▼

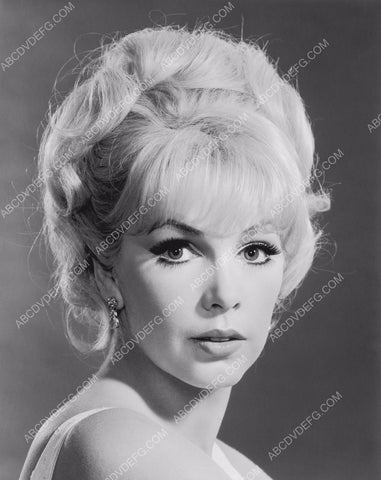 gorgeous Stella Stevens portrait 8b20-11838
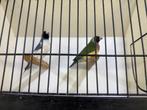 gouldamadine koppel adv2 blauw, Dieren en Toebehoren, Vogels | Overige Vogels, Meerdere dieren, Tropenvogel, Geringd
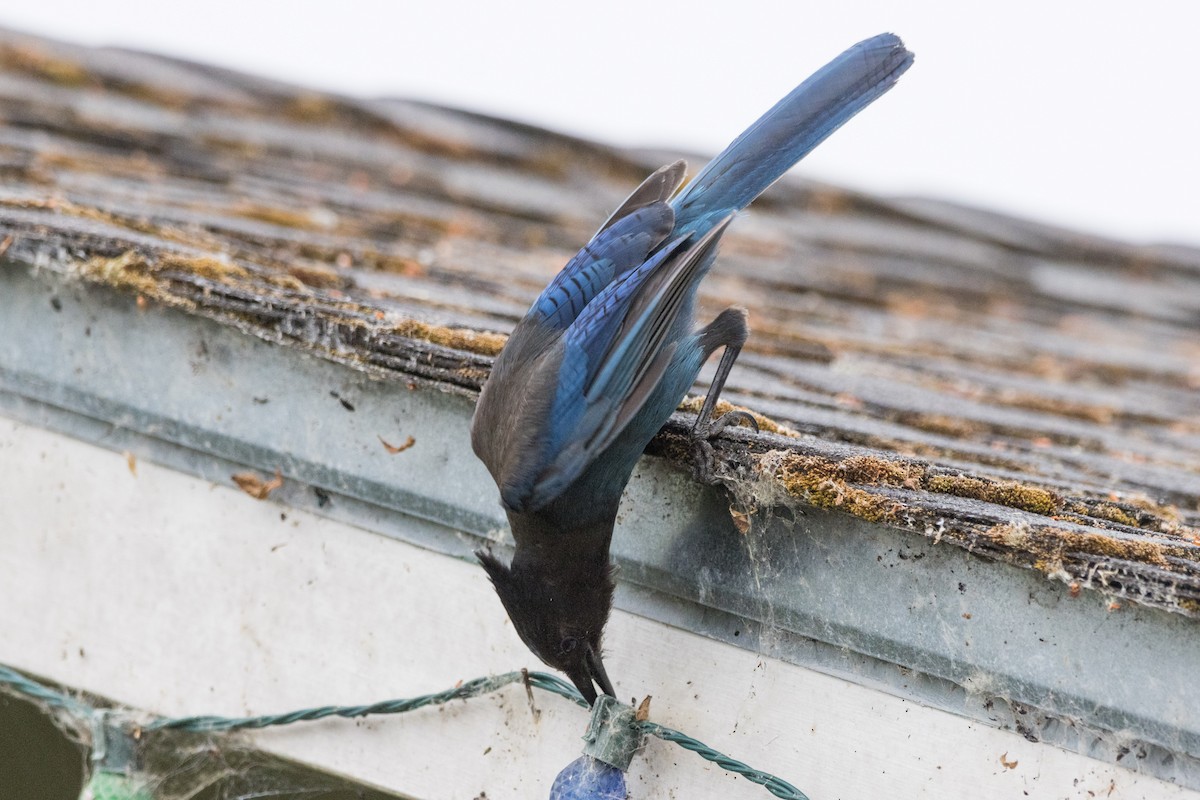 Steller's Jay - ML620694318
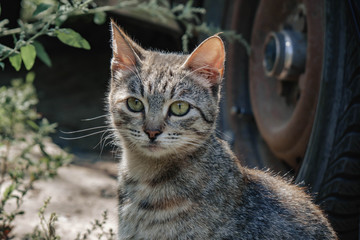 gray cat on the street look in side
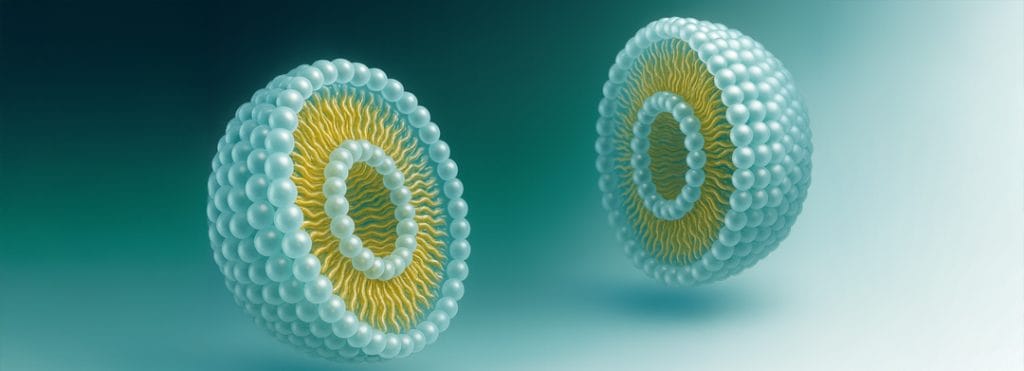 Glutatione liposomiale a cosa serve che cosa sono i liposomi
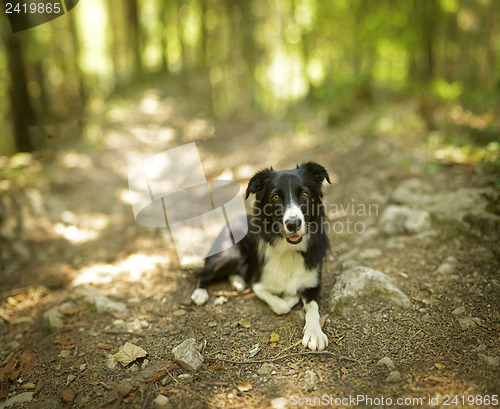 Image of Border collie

▲

▶ _Try it_
Line by line, write out the entries exactly, and leave the pictures out.

▶ _Answer for the task_
 gorgeous Stella Stevens portrait 8b20-11838
 gouldamadine koppel adv2 blauw, Dieren en Toebehoren, Vogels | Overige Vogels, Meerdere dieren, Tropenvogel, Geringd
 Steller's Jay - ML620694318
 gray cat on the street look in side
 Glutatione liposomiale a cosa serve che cosa sono i liposomi
 Image of Border collie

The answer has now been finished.